Mlle DE L'ORME, HENRIETTE.

HENRIETTE.
Eh bien ! Mademoiselle, avez-vous parlé à M. votre père ? Est-il vrai que M. Dumont arrive aujourd'hui?

Mlle DE L'ORME.
Il n'est que trop vrai.

HENRIETTE.
De quoi êtes-vous convenue avec lui ?

Mlle DE L'ORME.
De rien : je n'ai jamais pu m'en faire entendre.

HENRIETTE.
Cela est quelquefois commode d'avoir un père ou un mari sourd, mais non pas dans ce moment-ci, où il n'y a pas de temps à perdre : cependant il faut que vous sachiez une chose, c'est que votre amant du couvent est ici.

Mlle DE L'ORME.
Le chevalier de Mirville ? Et comment cela ?

HENRIETTE.
Il a appris à Tours que M. Dumont mariait son fils à Paris à la fille de M. de L'Orme, il est parti sur-le-champ : il veut vous parler, il croit que vous le trahissez et que vous consentez à ce mariage ; je l'ai vu, il va venir ici dans le moment.

Mlle DE L'ORME.
Ah ! qu'il s'en garde bien ! Mon père va rentrer : Henriette, va plutôt le trouver, dis-lui bien...

HENRIETTE.
Ma foi, Mademoiselle, dites-lui vous-même, car le voilà.

SCÈNE III.
Mlle DE L'ORME, M. DE MIRVILLE, HENRIETTE.

M. DE MIRVILLE.
Oui, Mademoiselle, c'est moi qui veux savoir de vous-même si vous m'abandonnez, si vous m'avez assez peu aimé pour consentir aujourd'hui à en épouser un autre ?

Mlle DE L'ORME.
Ah ! Chevalier, pouvez-vous avoir cette pensée ? Mais si vous m'aimez encore, à quoi m'exposez-vous par cette imprudence ! Mon père peut nous surprendre : fuyez promptement.

M. DE MIRVILLE.
Ne craignez rien, il ne me connaît pas, et il me sera facile de le tromper : mais dites-moi donc quel est votre dessein et comment parer ce mariage odieux ? Il n'y a rien que je ne fasse pour le rompre, si vous y consentez et si vous m'aimez encore.

Mlle DE L'ORME.
Ah ! Chevalier, si je vous aime !... Mais comment parvenir seulement à éloigner ce mariage ?

M. DE MIRVILLE.
En ayant la fermeté de refuser celui qu'on vous propose.

Mlle DE L'ORME.
Mais si mon père veut absolument me forcer ?

M. DE MIRVILLE.
Vous forcer ! le peut-il ? Est-il maître de vous faire signer malgré vous ? Il vous mettra dans un couvent, mais peut-il vous faire religieuse sans votre consentement ? Il est question du bonheur de votre vie, du mien : vous dites que vous m'aimez, et vous croyez que je souffrirai...

Mlle DE L'ORME.
Comment ?...

M. DE MIRVILLE.
Non, ne croyez pas que Dumont vous épouse tant que je vivrai.

HENRIETTE.
Mais, Mademoiselle, M. le Chevalier a raison ; qui peut engager M. votre père à faire ce mariage ? Connaît-il seulement celui qu'on vous destine ? C'est le fils d'un de ses anciens amis, mais il ne l'a jamais vu.

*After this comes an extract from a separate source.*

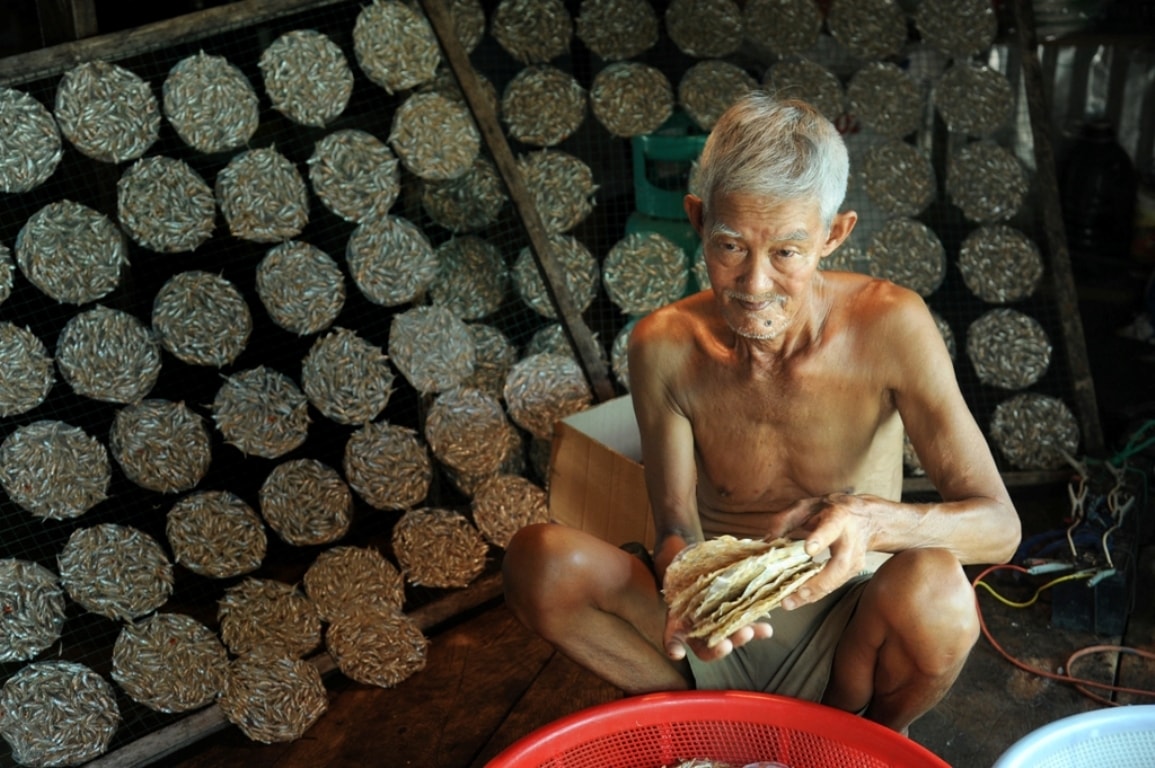 Cá cơm được làm sạch, chế biến thành bánh, đóng gói bán phục vụ du khách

On marie ses enfants comme on vend son cheval : on dit toujours que c'est la meilleure acquisition qu'on puisse proposer et l'on ne cherche qu'à s'en défaire et à se tromper l'un l'autre.

M. DE MIRVILLE.
Et l'on désunit deux cœurs que le ciel semblait avoir formés pour faire leur bonheur.

HENRIETTE.
J'entends quelqu'un. Ah! c'est M. votre père, Mademoiselle !

M. DE MIRVILLE.
Soyez tranquille et laissez-moi faire.

SCÈNE IV.
M. DE L'ORME, Mlle DE L'ORME, M. DE MIRVILLE, HENRIETTE.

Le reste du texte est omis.